What needs to be done ->
Please write out every line of the material, leaving out any picture.

[[ Given data open ]]

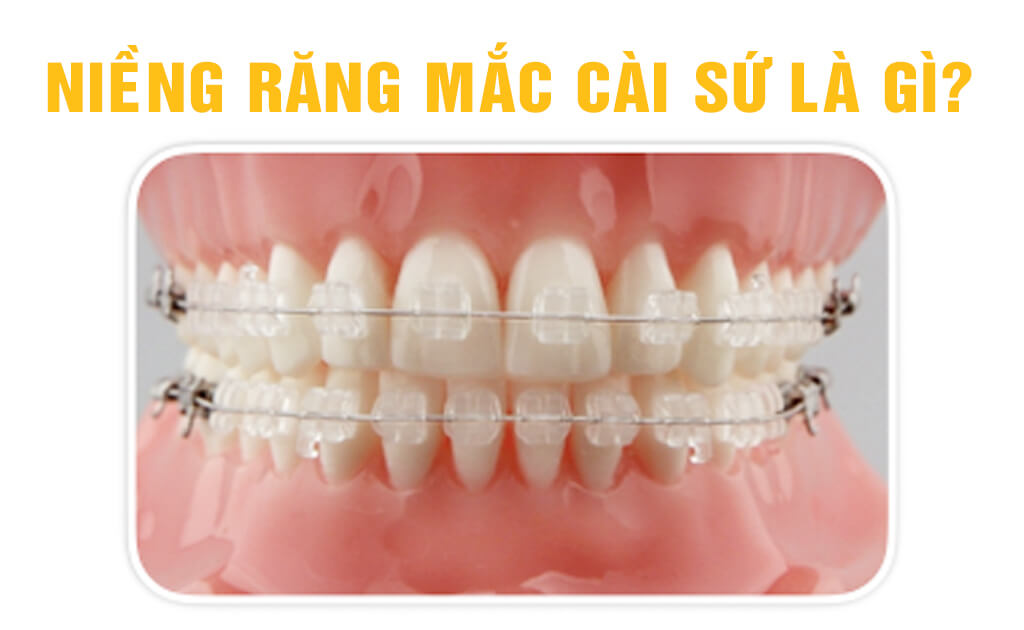 Niềng răng mắc cài sứ | Nha Khoa Smile Up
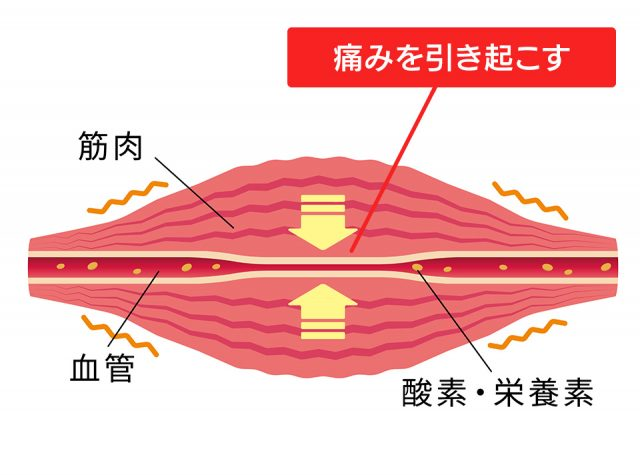 痛みを引き起こす原因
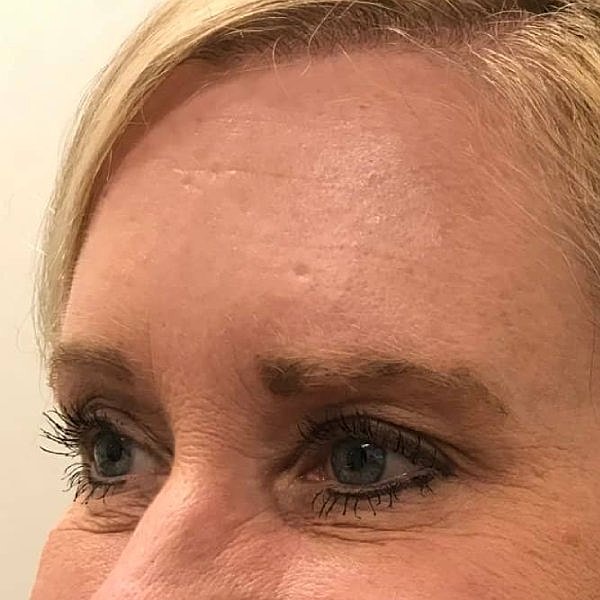 Botox Before & After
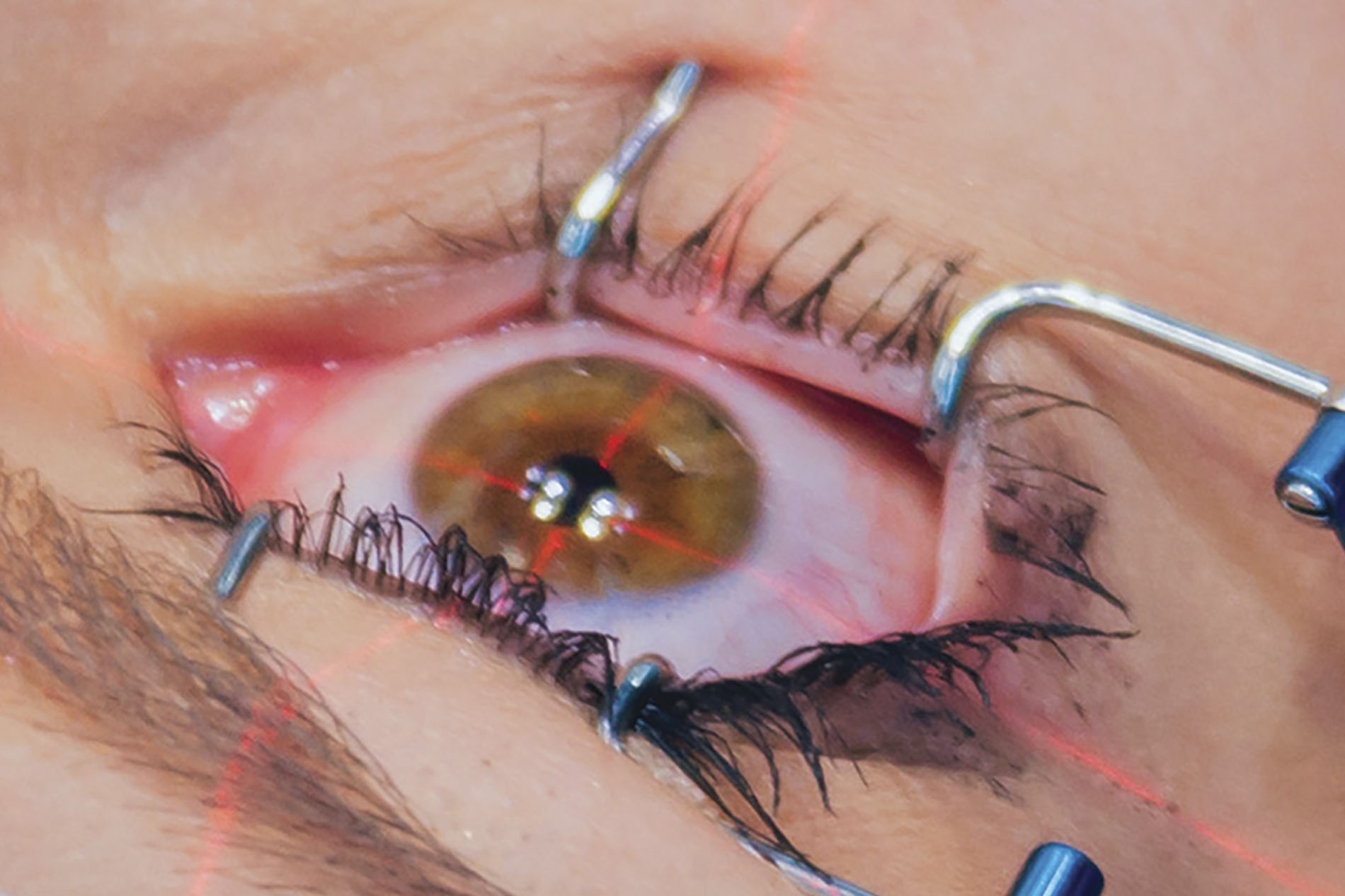 Laser rojo sobre ojo humano en cirugía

[[ Given data closed ]]

Output of the exercise ->
 Niềng răng mắc cài sứ | Nha Khoa Smile Up
 痛みを引き起こす原因
 Botox Before & After
 Laser rojo sobre ojo humano en cirugía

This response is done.